### Records shown
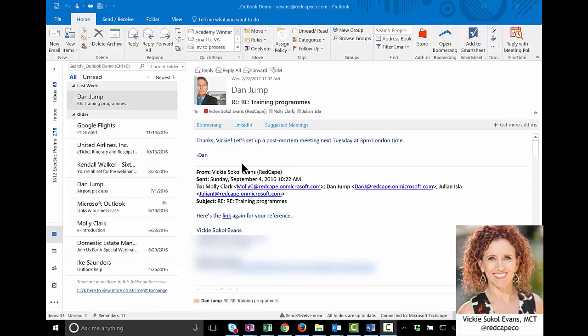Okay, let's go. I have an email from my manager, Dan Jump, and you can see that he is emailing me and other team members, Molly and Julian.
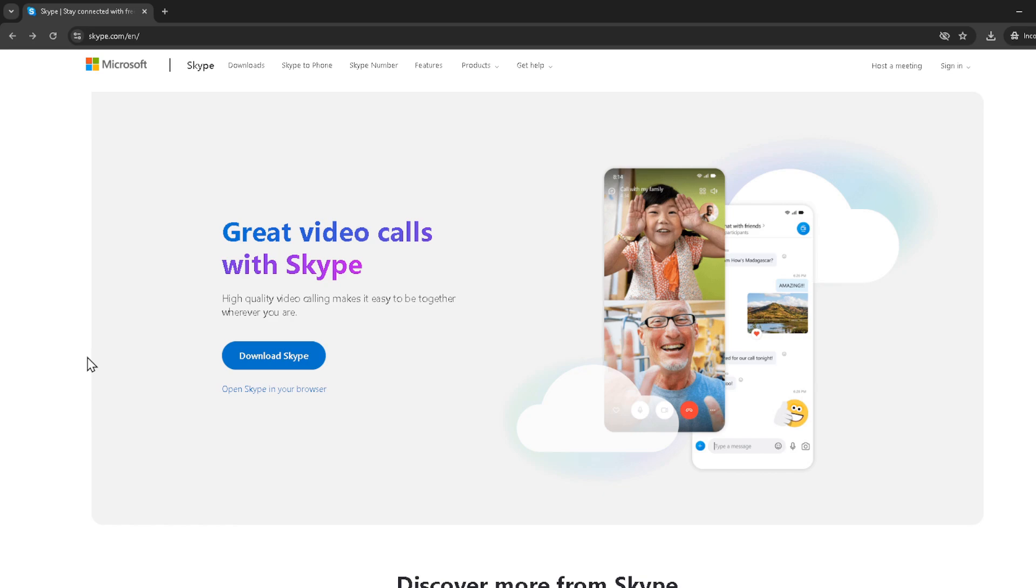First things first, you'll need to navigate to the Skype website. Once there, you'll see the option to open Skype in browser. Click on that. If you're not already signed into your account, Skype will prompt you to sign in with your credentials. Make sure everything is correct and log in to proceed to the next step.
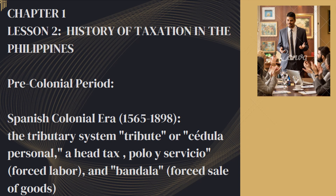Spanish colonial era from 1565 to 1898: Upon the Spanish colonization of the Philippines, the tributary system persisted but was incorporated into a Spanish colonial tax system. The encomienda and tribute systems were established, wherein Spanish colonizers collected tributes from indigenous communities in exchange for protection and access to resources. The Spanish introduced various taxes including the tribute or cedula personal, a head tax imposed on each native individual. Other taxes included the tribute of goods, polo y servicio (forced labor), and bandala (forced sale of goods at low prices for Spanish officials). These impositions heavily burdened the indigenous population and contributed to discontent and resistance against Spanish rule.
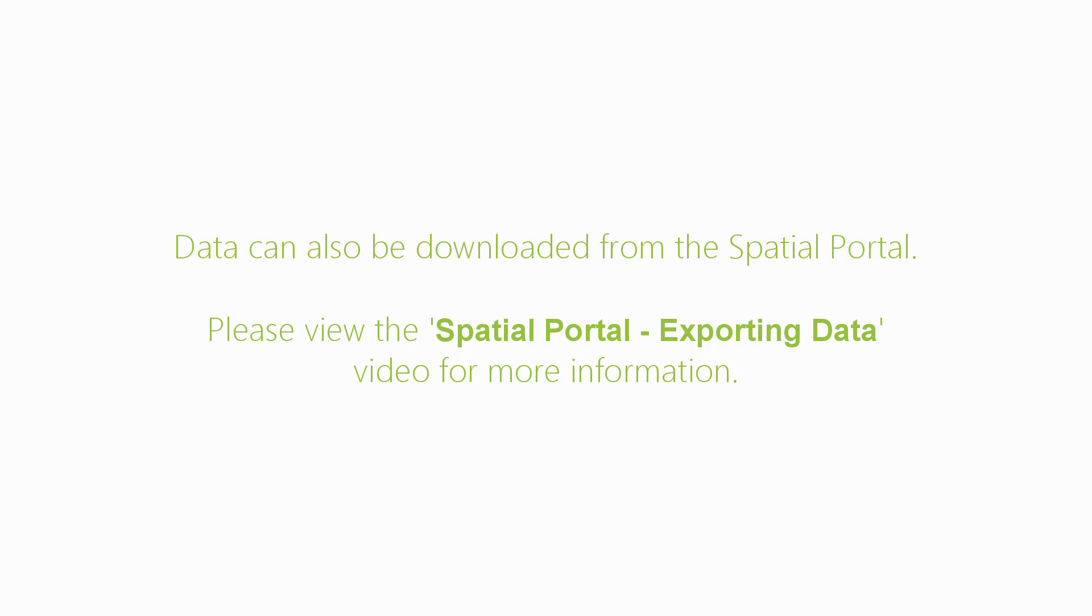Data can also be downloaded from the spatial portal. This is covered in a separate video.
...
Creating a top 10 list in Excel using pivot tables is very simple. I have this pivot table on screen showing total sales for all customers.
--
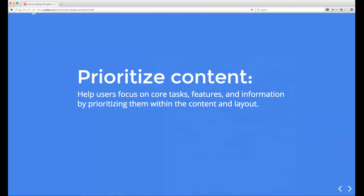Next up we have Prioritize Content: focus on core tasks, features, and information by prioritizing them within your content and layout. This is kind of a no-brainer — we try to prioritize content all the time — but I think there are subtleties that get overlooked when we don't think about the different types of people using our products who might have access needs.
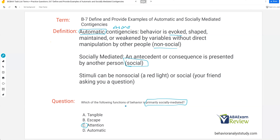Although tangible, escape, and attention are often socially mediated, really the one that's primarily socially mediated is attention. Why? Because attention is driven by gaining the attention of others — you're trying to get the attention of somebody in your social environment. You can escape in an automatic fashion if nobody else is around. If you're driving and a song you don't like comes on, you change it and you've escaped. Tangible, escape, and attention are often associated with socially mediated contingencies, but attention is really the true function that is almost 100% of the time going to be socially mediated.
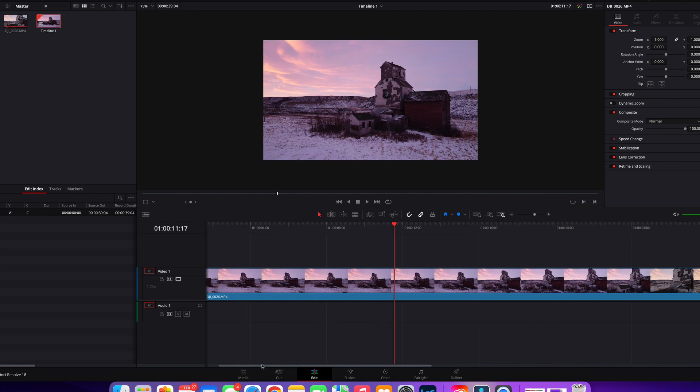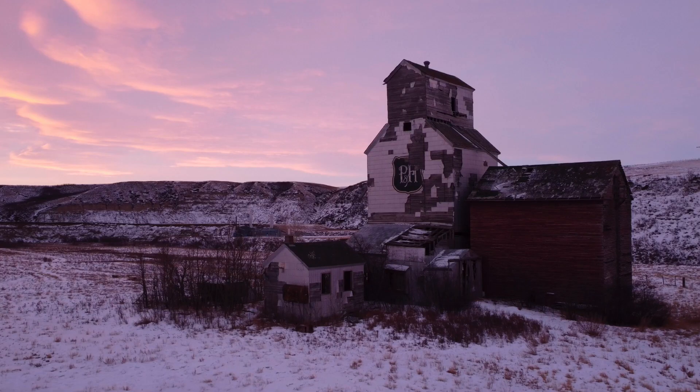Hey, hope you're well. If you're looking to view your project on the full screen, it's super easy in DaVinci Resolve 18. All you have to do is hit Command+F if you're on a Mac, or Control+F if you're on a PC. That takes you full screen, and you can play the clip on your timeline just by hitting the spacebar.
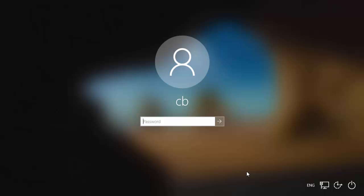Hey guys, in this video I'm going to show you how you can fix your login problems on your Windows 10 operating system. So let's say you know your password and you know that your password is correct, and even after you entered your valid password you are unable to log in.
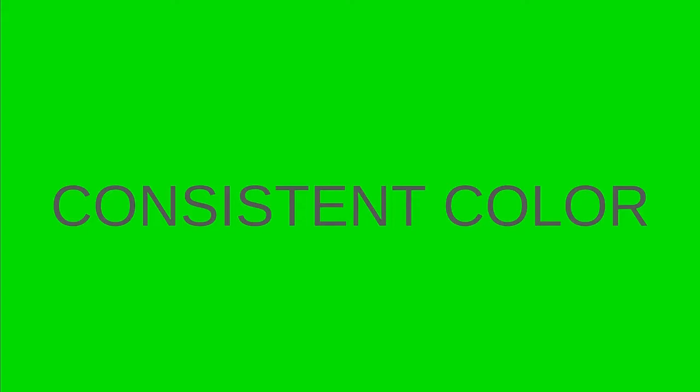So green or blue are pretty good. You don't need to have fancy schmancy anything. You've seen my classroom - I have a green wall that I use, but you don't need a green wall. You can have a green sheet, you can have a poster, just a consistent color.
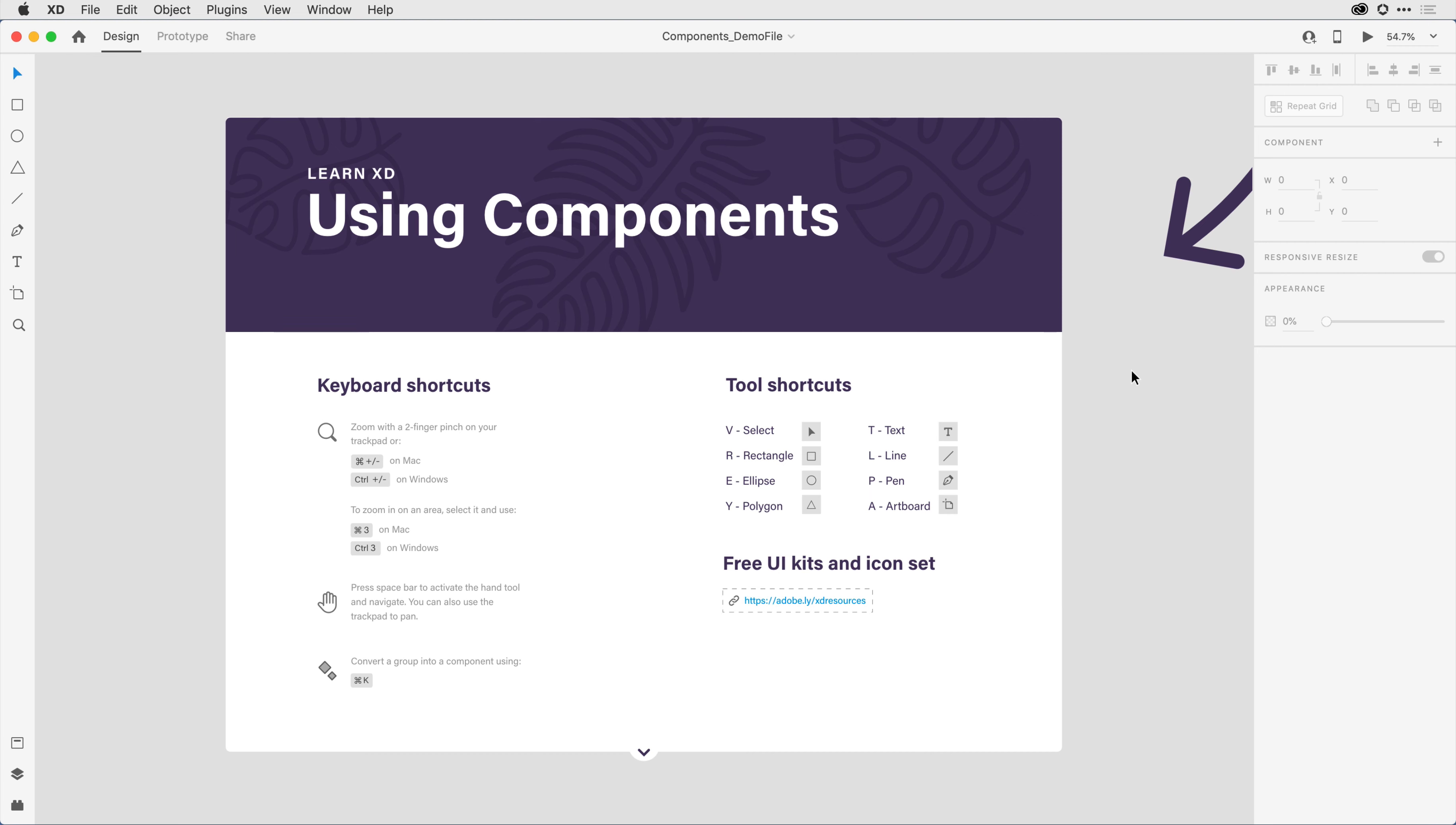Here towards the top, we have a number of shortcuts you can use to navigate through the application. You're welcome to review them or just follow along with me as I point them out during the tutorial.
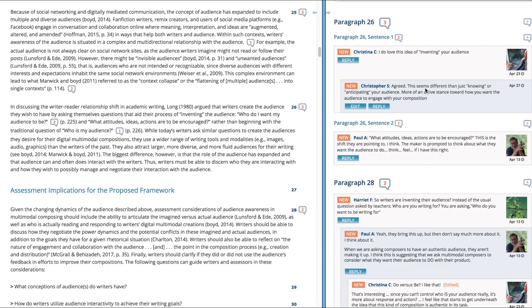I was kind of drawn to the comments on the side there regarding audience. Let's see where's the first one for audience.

### Problem
Would you please reproduce the entries above, starting at the line with "Okay, let's go." and stopping after the line with "First things first, you'll"? Omit any pictures.

### Reply
Okay, let's go. I have an email from my manager, Dan Jump, and you can see that he is emailing me and other team members, Molly and Julian.
First things first, you'll need to navigate to the Skype website. Once there, you'll see the option to open Skype in browser. Click on that. If you're not already signed into your account, Skype will prompt you to sign in with your credentials. Make sure everything is correct and log in to proceed to the next step.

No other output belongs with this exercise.